# WHAT YOU WILL DO:
Only the lines from the one containing "Панель Grohe Nova" through the end of the records should be retyped, exactly and including both ends; pictures stay out.

# Items listed in a dataset:
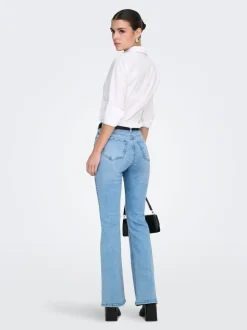 JDYKATHY High waist Flared fit Jeans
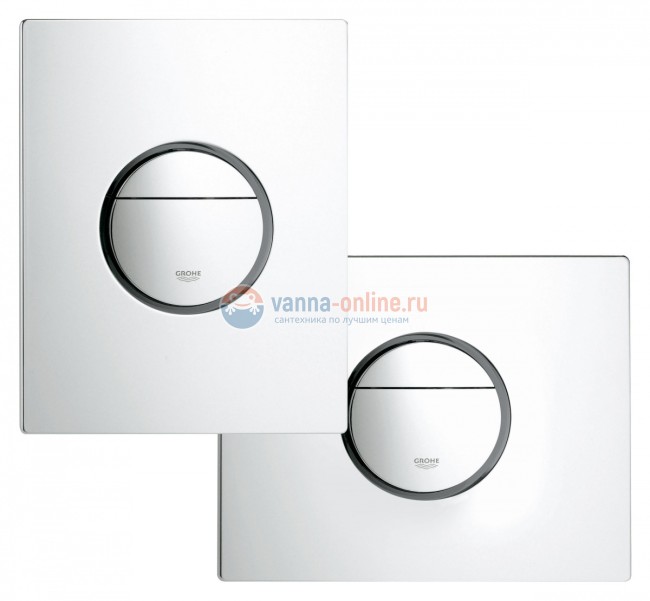 Панель Grohe Nova Cosmopolitan 38765P00, матовый хром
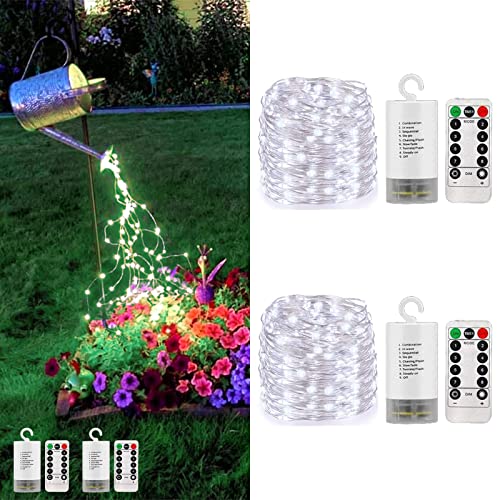 Cool White-2 Pack Battery Operated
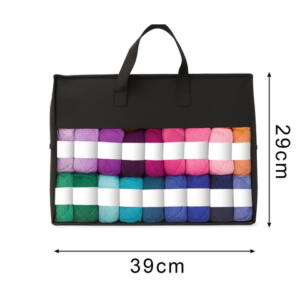 Maaleo Σετ Αρχαρίων Πλεξίματος με Βελονάκι 113 Τεμαχίων με XXL Τσάντα Μεταφοράς και Αξεσουάρ 25407 - Image 4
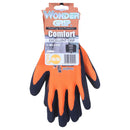 Wonder Grip Comfort Hi Vis Orange Gloves - IndustraCare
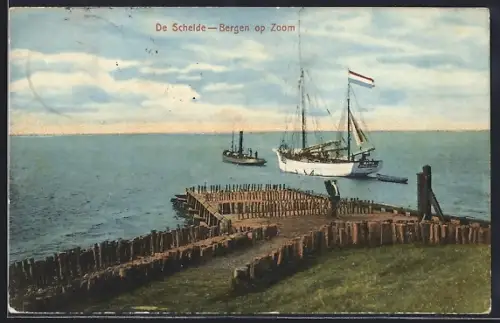 AK Bergen op Zoom, De Schelde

# EXERCISE ANSWER:
 Панель Grohe Nova Cosmopolitan 38765P00, матовый хром
 Cool White-2 Pack Battery Operated
 Maaleo Σετ Αρχαρίων Πλεξίματος με Βελονάκι 113 Τεμαχίων με XXL Τσάντα Μεταφοράς και Αξεσουάρ 25407 - Image 4
 Wonder Grip Comfort Hi Vis Orange Gloves - IndustraCare
 AK Bergen op Zoom, De Schelde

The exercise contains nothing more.